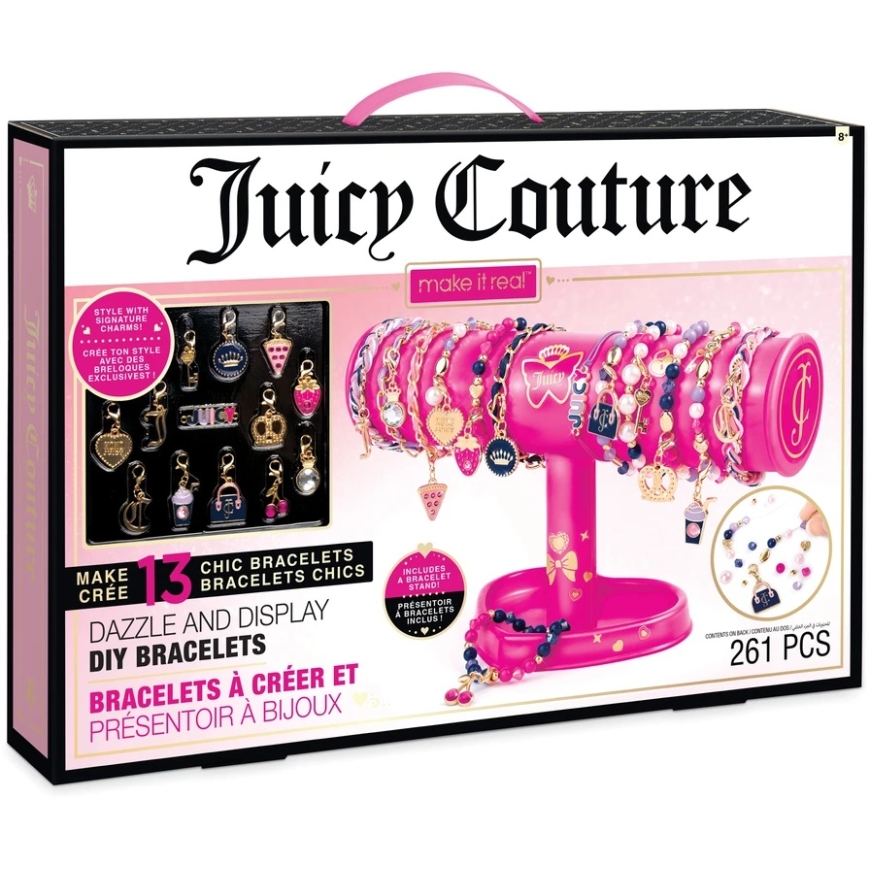 MAKE IT REAL JUICY COUTURE Rannekorujen teko -setti „Dazzle and Screen“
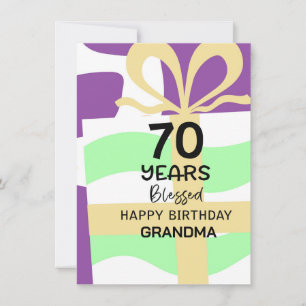 Pretty Personalised 70th Birthday Grandma Blessed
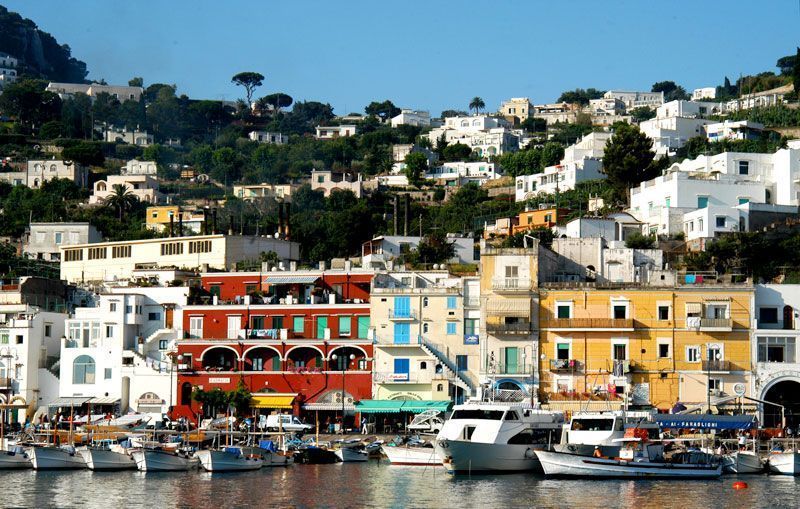 Barcos en la Marina Grande | Foto: Turismo de Capri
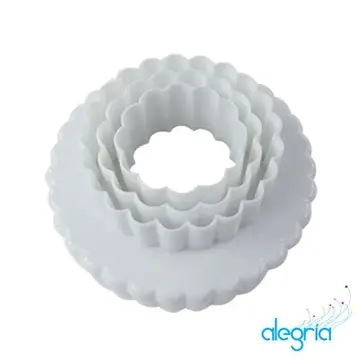 CORTADOR PLASTICO REDONDO BORDE ONDULADO 3PZ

**Problem to work on:**
The data above is to be printed exactly, all of it, except for the pictures.

**Answer:**
 MAKE IT REAL JUICY COUTURE Rannekorujen teko -setti „Dazzle and Screen“
 Pretty Personalised 70th Birthday Grandma Blessed
 Barcos en la Marina Grande | Foto: Turismo de Capri
 CORTADOR PLASTICO REDONDO BORDE ONDULADO 3PZ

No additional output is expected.